*** Opening MATERIAL FOR THIS TASK ***

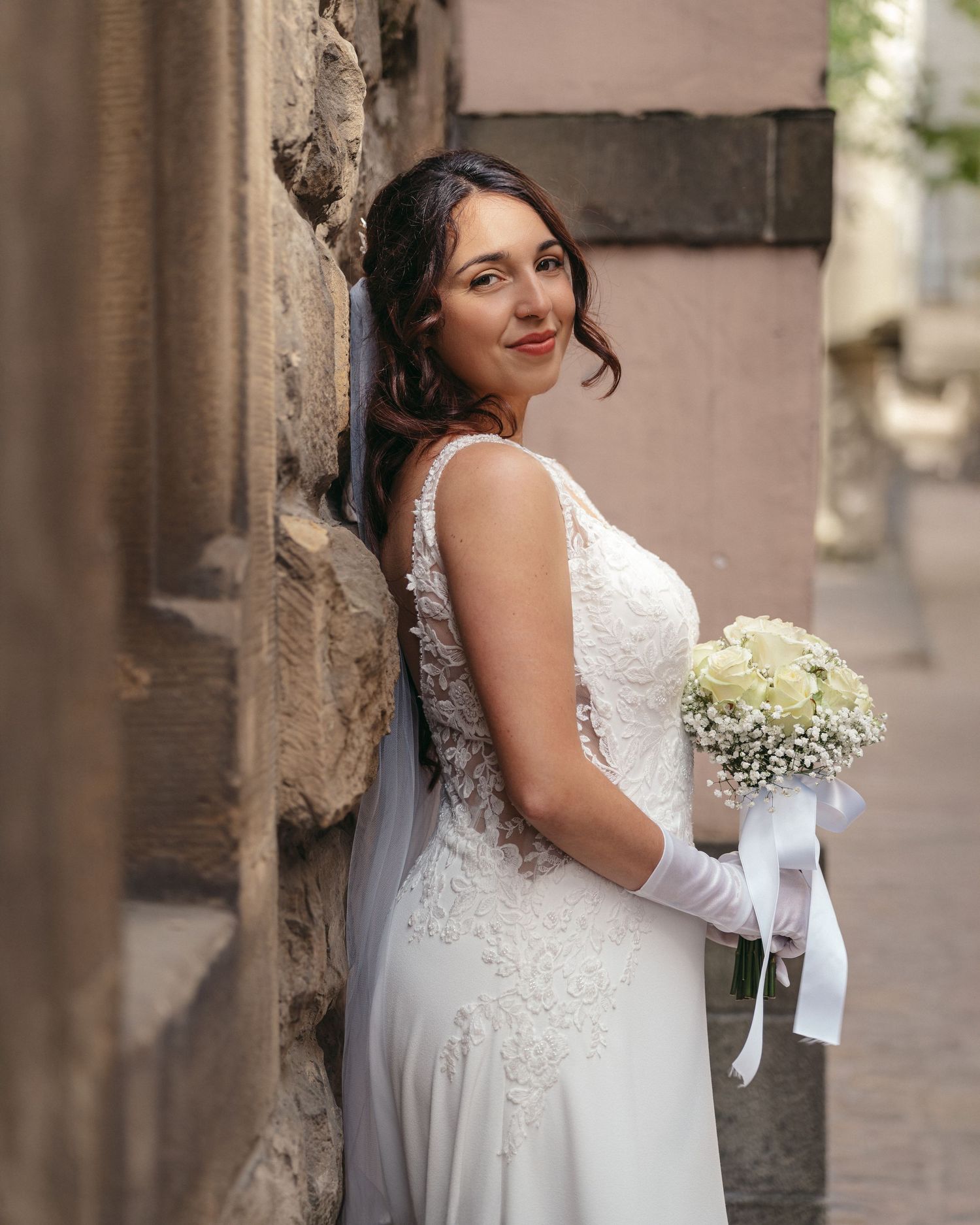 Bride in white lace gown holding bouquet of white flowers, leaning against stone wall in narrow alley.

*** Closing MATERIAL FOR THIS TASK ***
*** Opening MATERIAL FOR THIS TASK ***

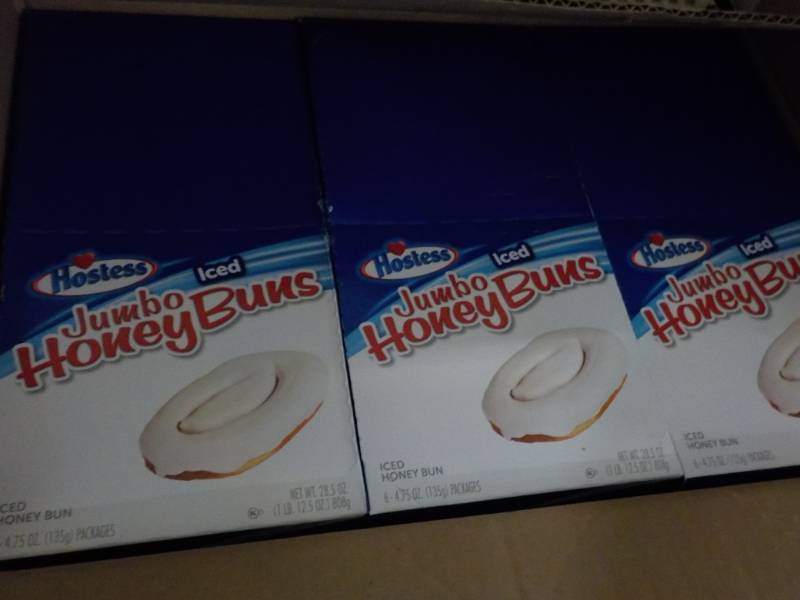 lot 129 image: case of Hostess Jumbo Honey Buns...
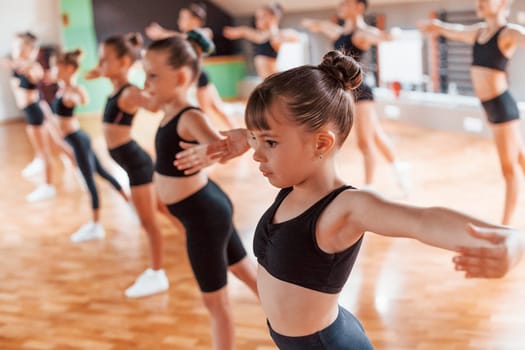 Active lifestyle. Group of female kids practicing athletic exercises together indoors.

*** Closing MATERIAL FOR THIS TASK ***

◆ **INSTRUCTIONS TO FOLLOW**:
Going by the entries above, repeat exactly the lines that start at the line with "lot 129 image: case" and go on through the line with "Active lifestyle. Group". Pictures are not part of the copy.

◆ **YOUR RESPONSE**:
 lot 129 image: case of Hostess Jumbo Honey Buns...
 Active lifestyle. Group of female kids practicing athletic exercises together indoors.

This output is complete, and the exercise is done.